For example, the adjacent graph shows the bilinear interpolation function that is defined by 12 points on a 4 x 3
grid.
You can download the SAS program that creates the analyses and graphs in this article.
For two-dimensional linear interpolation of points, the following sets of numbers are the inputs for bilinear interpolation:
The goal of interpolation is to estimate the response at each location (s_{i}, t_{j}) based on the values at the corner of the cell that contains the location.
I have written a SAS/IML function called BilinearInterp, which you can freely download and use. The following statements indicate how to define and store the bilinearInterp function:
proc iml; /* xGrd : vector of Nx points along x axis yGrd : vector of Ny points along y axis z : Ny x Nx matrix. The value Z[i,j] is the value at xGrd[j] and yGrd[i] t : k x 2 matrix of points at which to interpolate The function returns a k x 1 vector, which is the bilinear interpolation at each row of t. */ start bilinearInterp(xgrd, ygrd, z, t); /* download function from https://github.com/sascommunities/the-do-loop-blog/blob/master/interpolation/bilinearInterp.sas */ finish; store module=bilinearInterp; /* store the module so it can be loaded later */ QUIT; |
You only need to store the module one time.

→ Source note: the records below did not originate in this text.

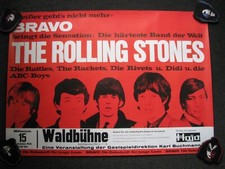 The Rolling Stones-15. September 1965 Berlin Waldbühne-Tourplakat-REPRINT-Bravo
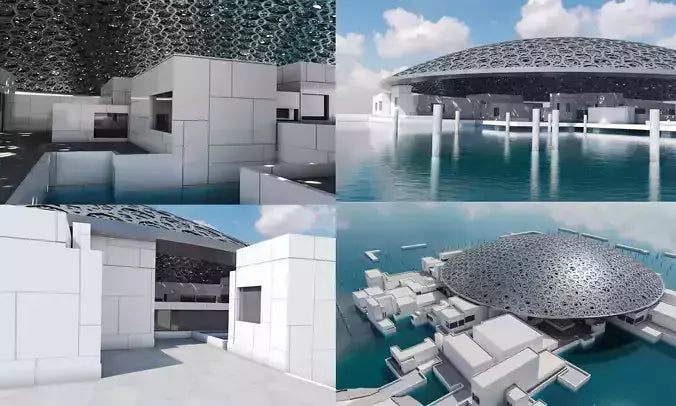 The Louvre abu dhabi museum art 3D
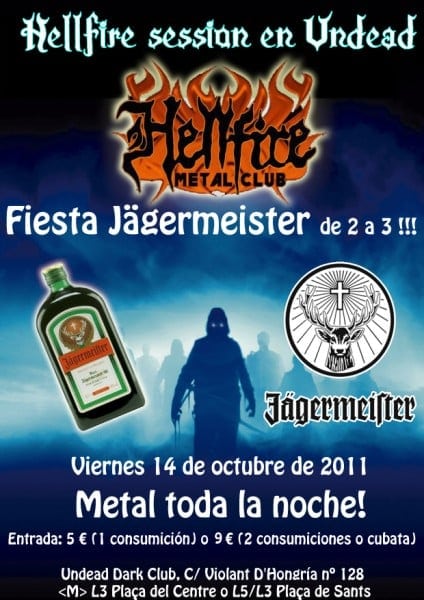 DISCOTECA METAL ESTE VIERNES 14 EN BARCELONA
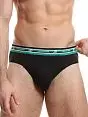 Стильные и удобные мужские трусы-слипы Jolidon DT278нТм Black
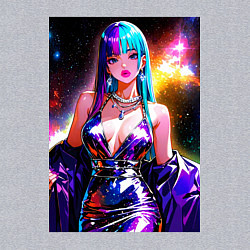 Свитшот хлопковый мужской Девушка поп идол, цвет: меланж — фото 2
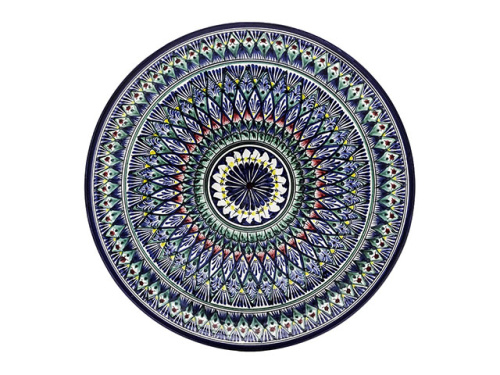 Блюдо Ляган "Риштанская керамика", диаметр 38 см RSN155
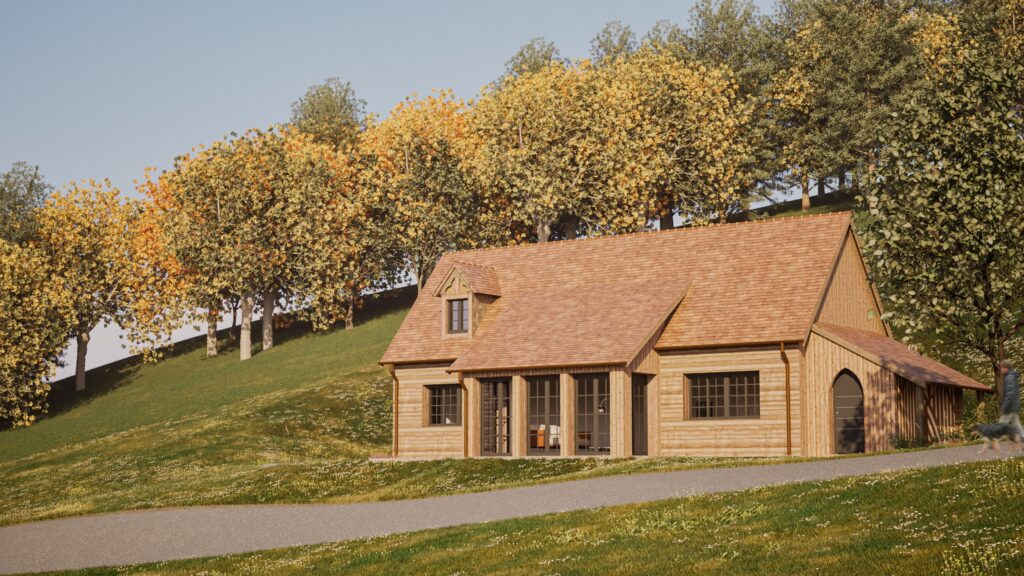 Maison normande en bois
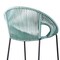 Armen Living Acapulco 26" Indoor Outdoor Steel Bar Stool with Wasabi Rope LCACBAWSB26 - alternate 8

You then load the module in any SAS/IML program that needs to use it. You can learn more about storing and loading SAS/IML modules.

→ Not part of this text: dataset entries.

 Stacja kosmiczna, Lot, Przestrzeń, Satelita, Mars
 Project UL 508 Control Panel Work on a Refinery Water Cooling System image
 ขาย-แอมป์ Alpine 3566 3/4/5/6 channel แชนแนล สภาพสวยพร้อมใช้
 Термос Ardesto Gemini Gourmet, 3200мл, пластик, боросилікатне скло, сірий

The fitting data for bilinear interpolation consists of the grid of points (Z) and the X and Y locations of each grid point.

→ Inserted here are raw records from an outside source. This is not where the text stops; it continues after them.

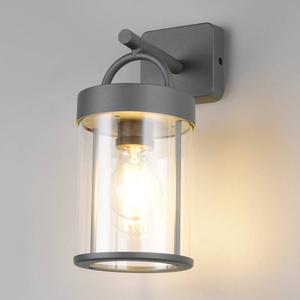 Уличный настенный светильник Reality Leuchten Almeria, поликарбонат/алюминий - 1-пламенный - серый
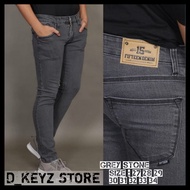 FIFTEEN DENIM - Men's Slim Fit Streetwear Jeans Original Men's Pants Men's Jeans GREY/ GREY/ JEANS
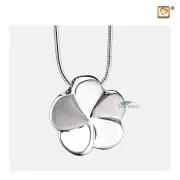 Pendentif pour cendres en forme de fleur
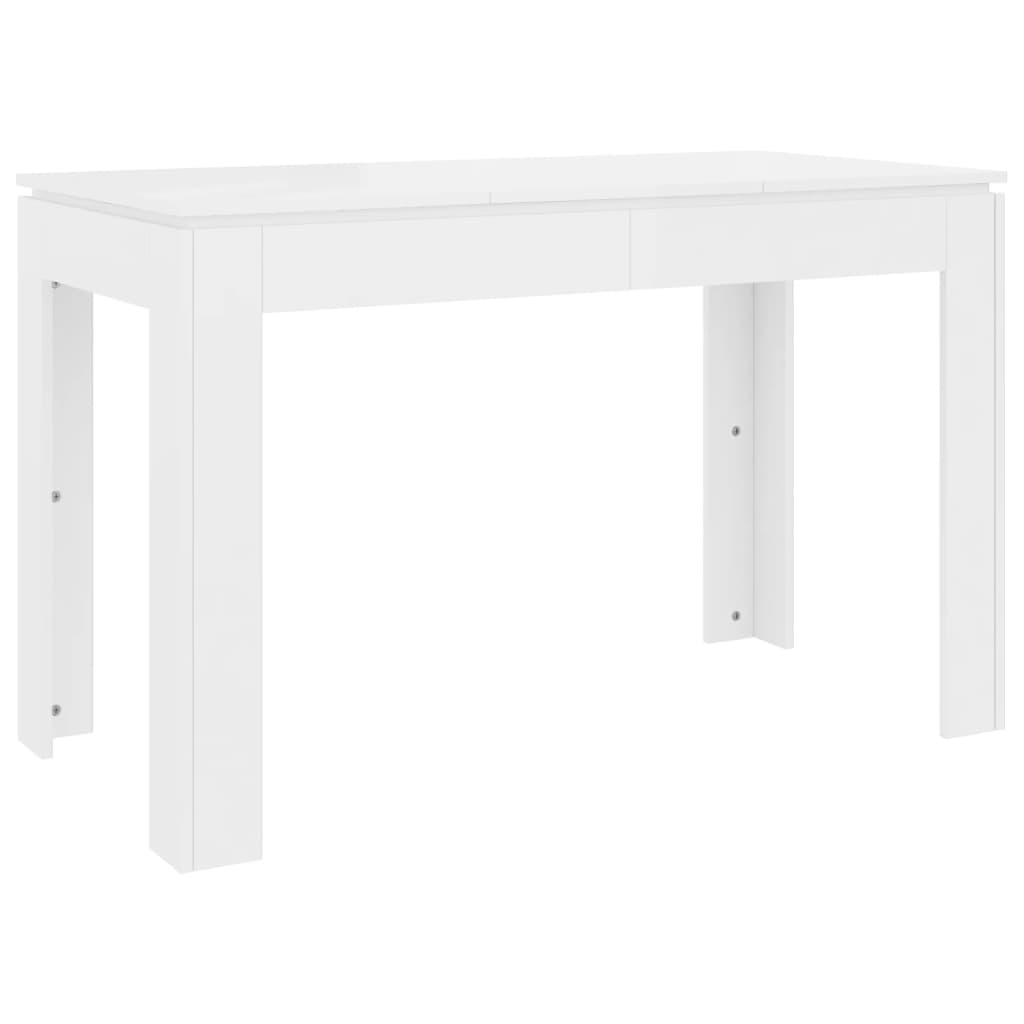 Mesa de comedor madera de ingeniería blanco brillo 120x60x76 cm vidaXL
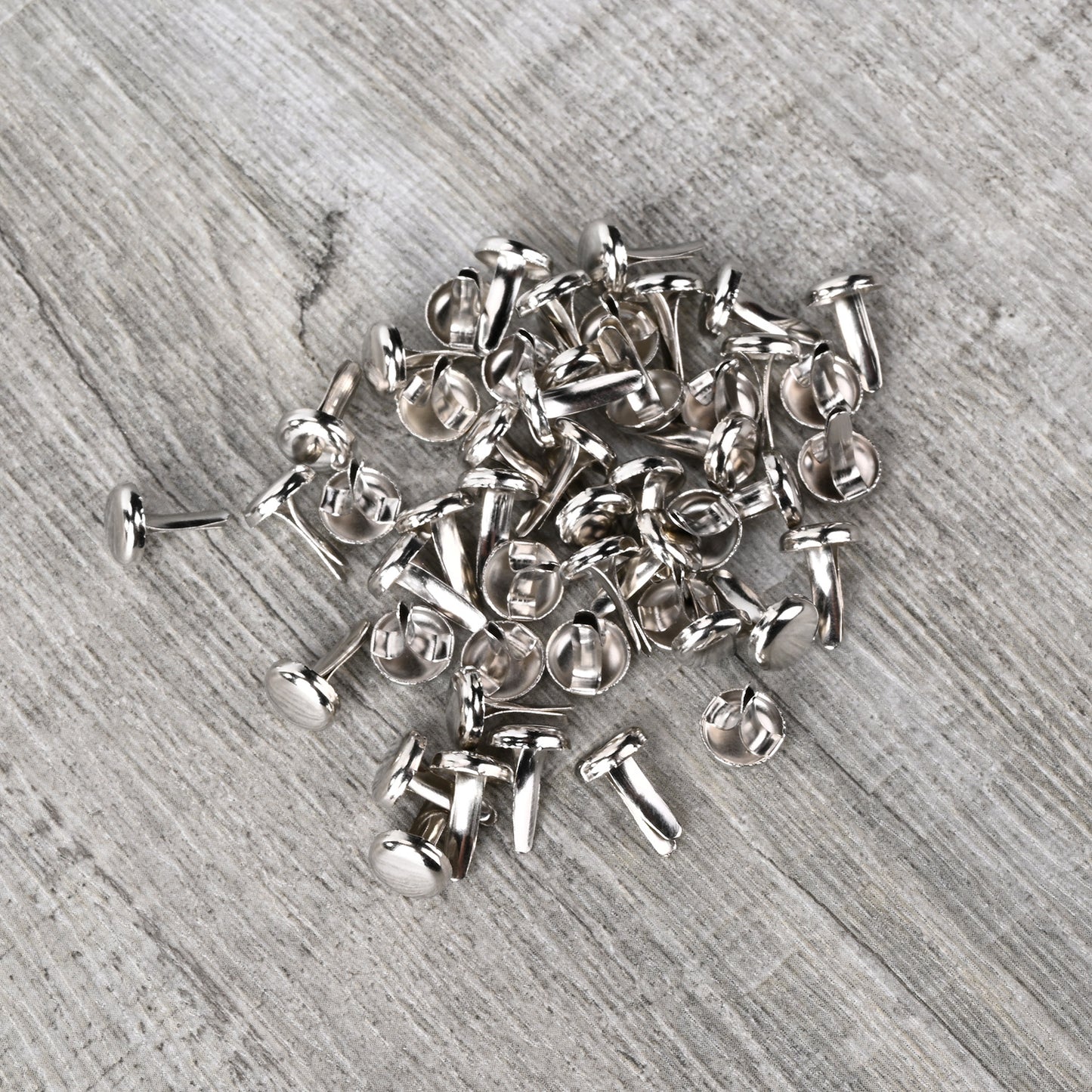 Silver Circular Brads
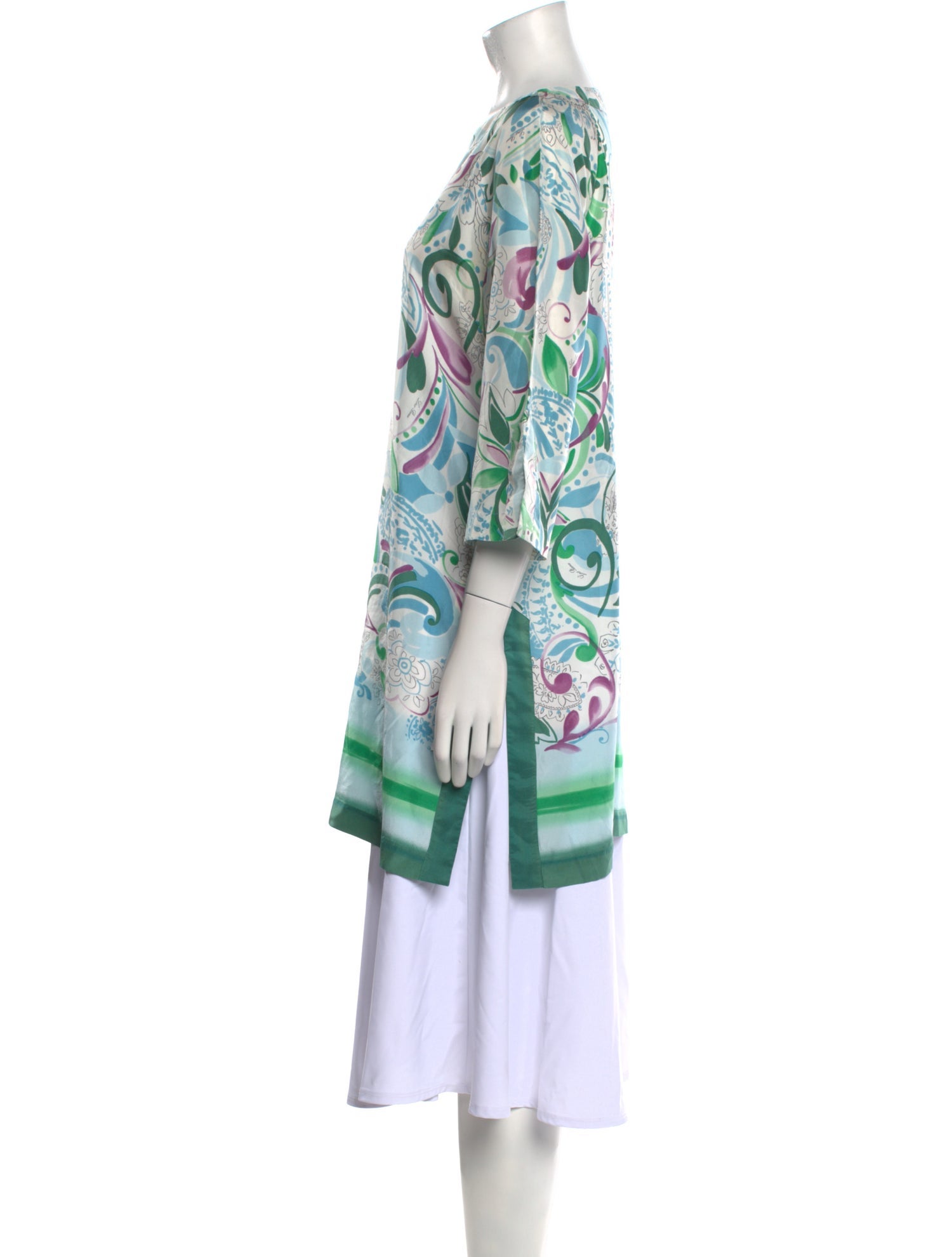 Loro Piana Printed Silk Tunic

The X and Y values do not need to be evenly spaced, but they can be.
Often the fitting data are stored in “long form” as triplets of (X, Y, Z) values.
If so, the first step is to read the triplets and convert them into a matrix of Z values where the columns are associated with the X values and the rows are associated with the Y values.
For example, the following example data set specifies a response variable (Z) on a 4 x 3 grid. The values of the grid in the Y direction are {0, 1, 1.5, 3} and the values in the X direction are {1, 2, 5}.
As explained in the previous article, the data must be sorted by Y and then by X. The following statements read the data into a SAS/IML matrix and extract the grid points in the X and Y direction:
data Have; input x y z; datalines; 1 0 6 2 0 7 5 0 5 1 1 9 2 1 9 5 1 7 1 1.5 10 2 1.5 9 5 1.5 6 1 3 12 2 3 9 5 3 8 ; /* If the data are not already sorted, sort by Y and X */ proc sort data=Have; by Y X; run; proc iml; use Have; read all var {x y z}; close; xGrd = unique(x); /* find grid points */ yGrd = unique(y); z = shape(z, ncol(yGrd), ncol(xGrd)); /* data must be sorted by y, then x */ print z[r=(char(yGrd)) c=(char(xGrd))]; |
Again, note that the columns of Z represent the X values and the rows represent the Y values.
The xGrd and yGrd vectors contain the grid points along the horizontal and vertical dimensions of the grid, respectively.
The bilinearInterp function assumes that the points at which to interpolate are stored in a k x 2 matrix. Each row is an (x,y) location at which to interpolate from the fitting data.
If an (x,y) location is outside of the fitting data, then the bilinearInterp function returns a missing value.
The scoring locations do not need to be sorted.
The following example specifies six valid points and two invalid interpolation points:
t = {0 0, /* not in data range */ 1 1, 1 2, 2.5 2, 4 0.5, 4 2, 5 3, 6 3}; /* not in data range */ /* LOAD the previously stored function */ load module=bilinearInterp; F = bilinearInterp(xGrd, yGrd, z, t); print t[c={'x' 'y'}] F[format=Best4.]; |
The grid is defined on the rectangle [1,5] x [0,3].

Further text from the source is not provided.